Is AI safety about systems becoming malevolent or conscious?

2 min read

Suggest changes in Google Docs

Concern about existential risk from misaligned AI is not based on worries that AI systems will become conscious, turn evil, or develop motivations like revenge or hatred.

People sometimes assume AI risk is about AI acting like a human villain, and fictional representations of AI takeover often concentrate on AIs with villainous motivations because it makes for compelling storytelling. However, experts generally aren’t worried about this. Nor is AI becoming conscious the dangerous part; in Stuart Russell’s words¹, "The primary concern is not spooky emergent consciousness but simply the ability to make high-quality decisions."

The core concern is that AI systems may become 1) extremely competent at making decisions that achieve their goals, while also being 2) indifferent to things we value highly (like human life or happiness). And unfortunately, many of a highly-competent AI’s plans could have destructive side-effects on anything the AI does not specifically value.
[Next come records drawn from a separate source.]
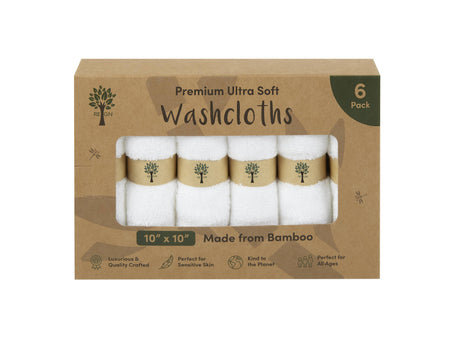 Bamboo Face Cloths - 6 Pack - Organic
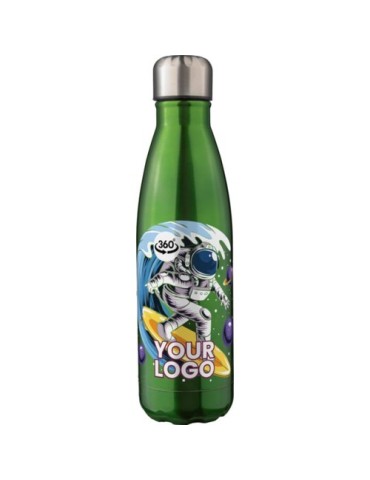 Gourde isotherme personnalisée en acier inoxydable recyclé de 500 ml - Clifford Matières : acier inoxydable Couleurs : rouge goo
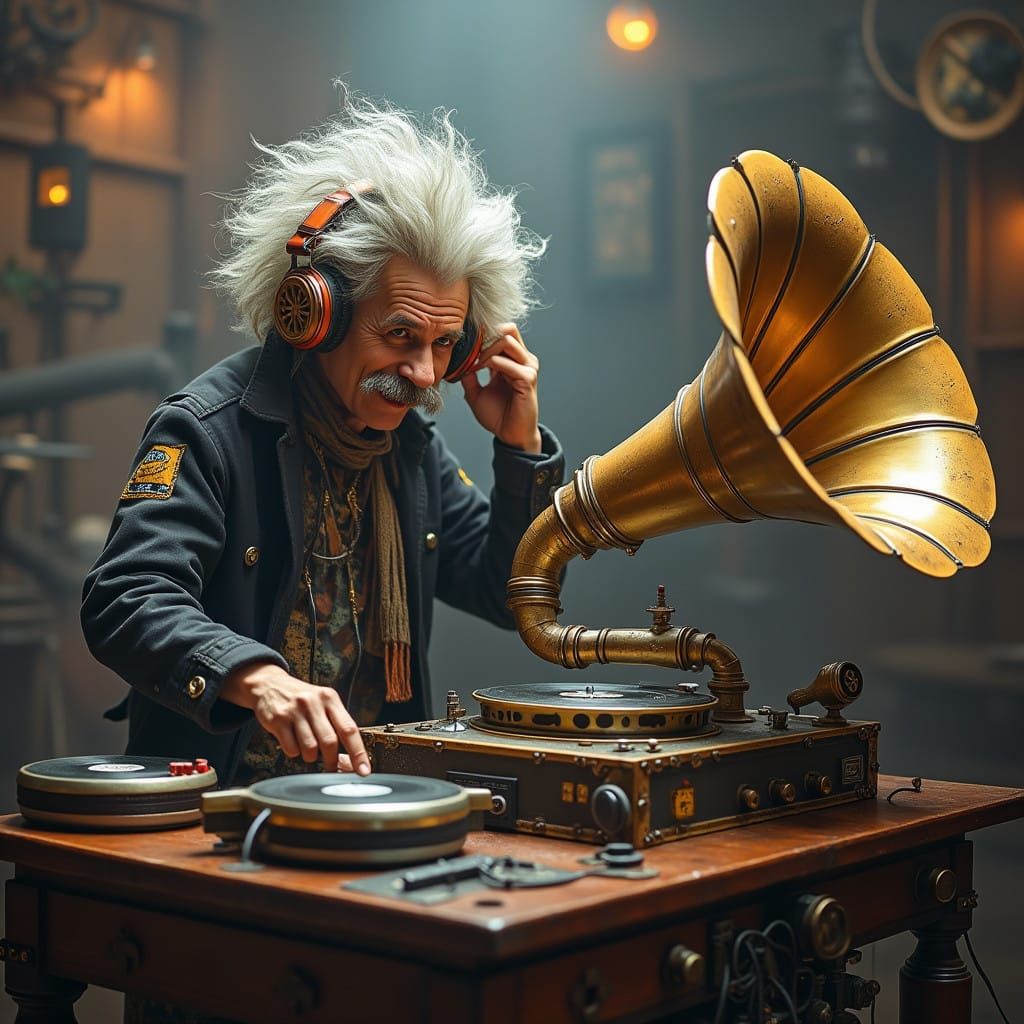 Steam Punk DJ in Whimsical Steampunk Nightclub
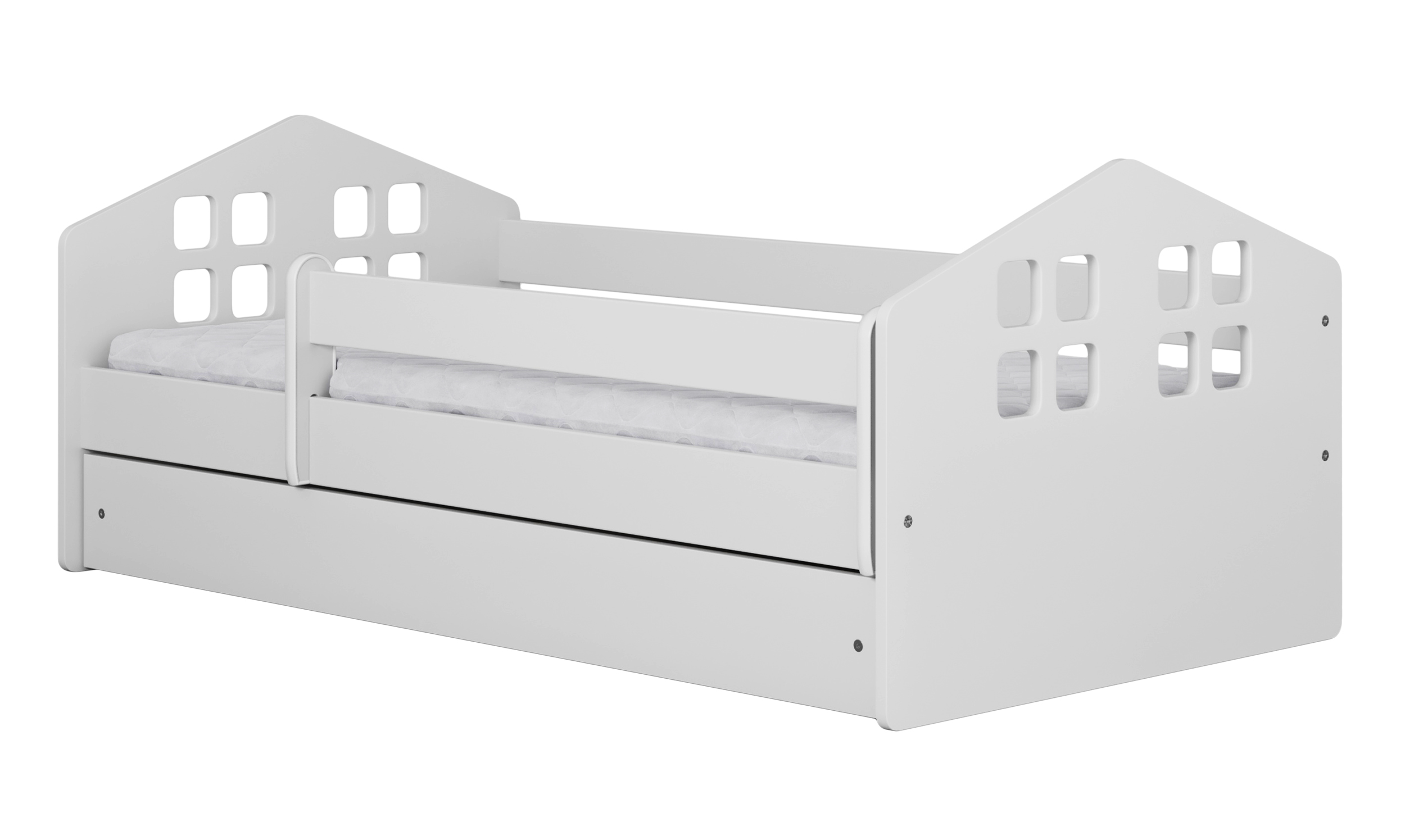 Łóżko dziecięce Bubup 180x80 cm z szufladą i materacem białe - zdjęcie 1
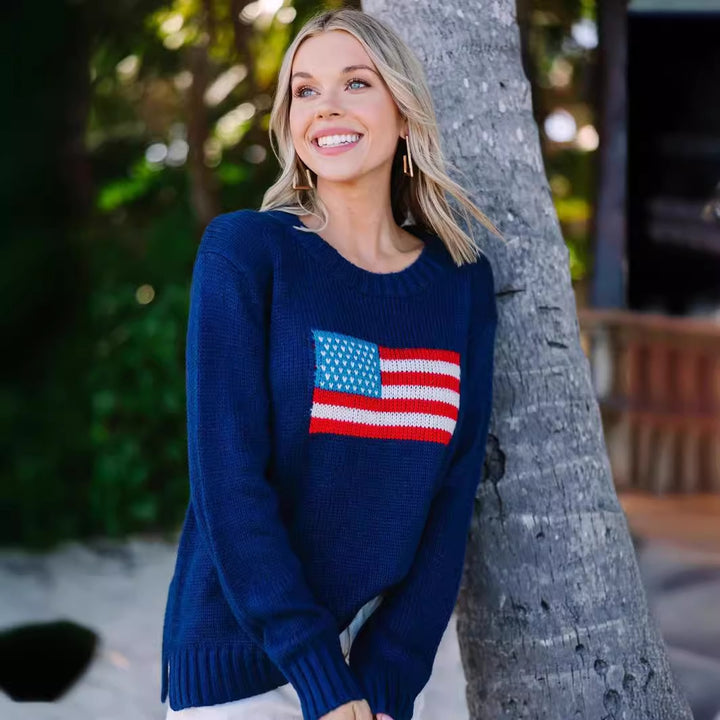 Trendy sweater for women with United States flag embroidery in airy cotton Lune London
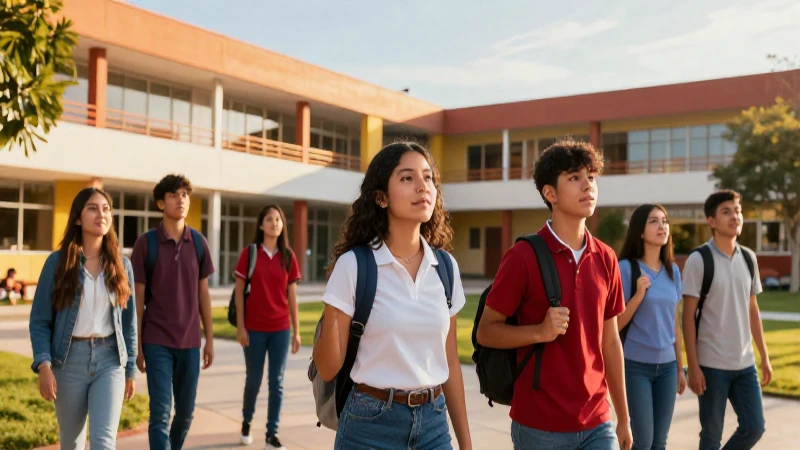 Estudiantes mexicanos vibrantes en campus modernizado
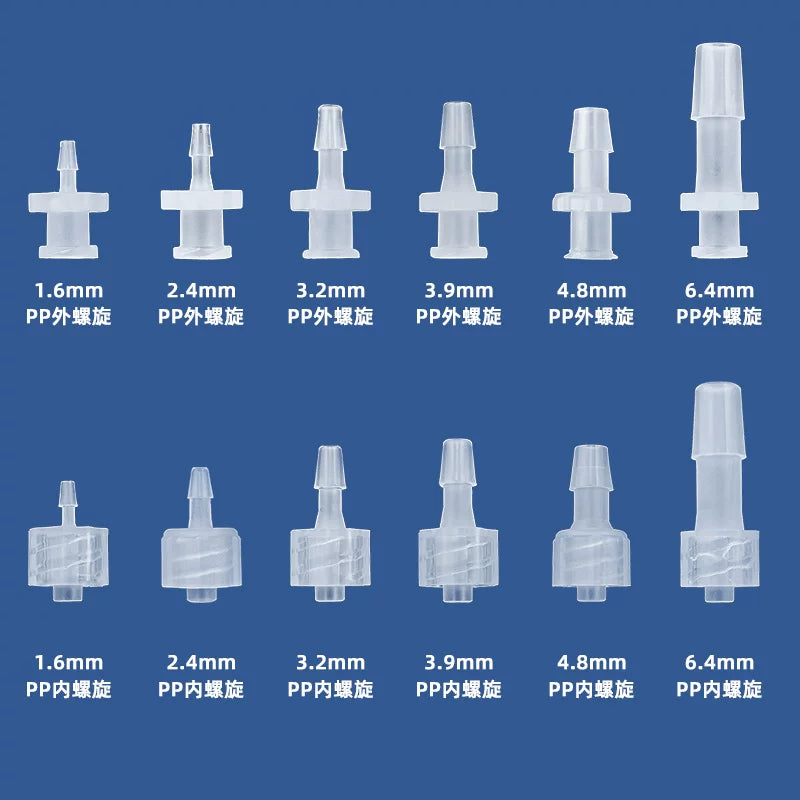 Premium Plastic Luer Lock to Hose Barb Adapter - Male/Female Syringe Fluid Fitting (PP)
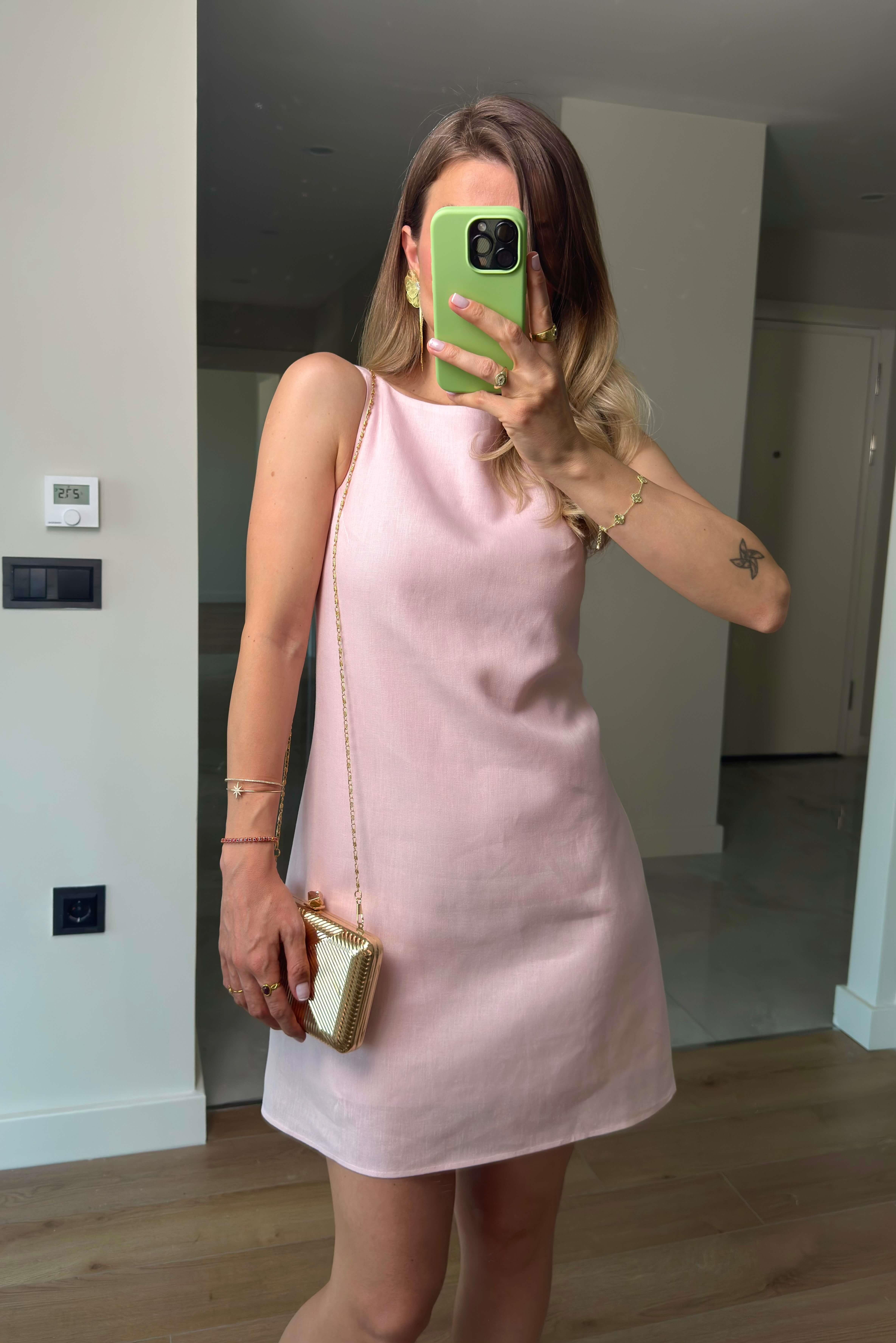 Toz Pembe Kare Yaka Askılı Astarlı Premium Keten Elbise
Put simply, AI risk comes from systems which pursue their goals without caring about us. (Consider how human actions often kill a lot of insects, not out of malice on our part, but just as a side-effect of other things we're doing.)

In another publication, Russell has written “They need not be “conscious”; in some respects, they can even still be “stupid.” They just need to become very good at affecting the world and have goal systems that are not well understood and not in alignment with human goals (including the human goal of not going extinct).” ↩︎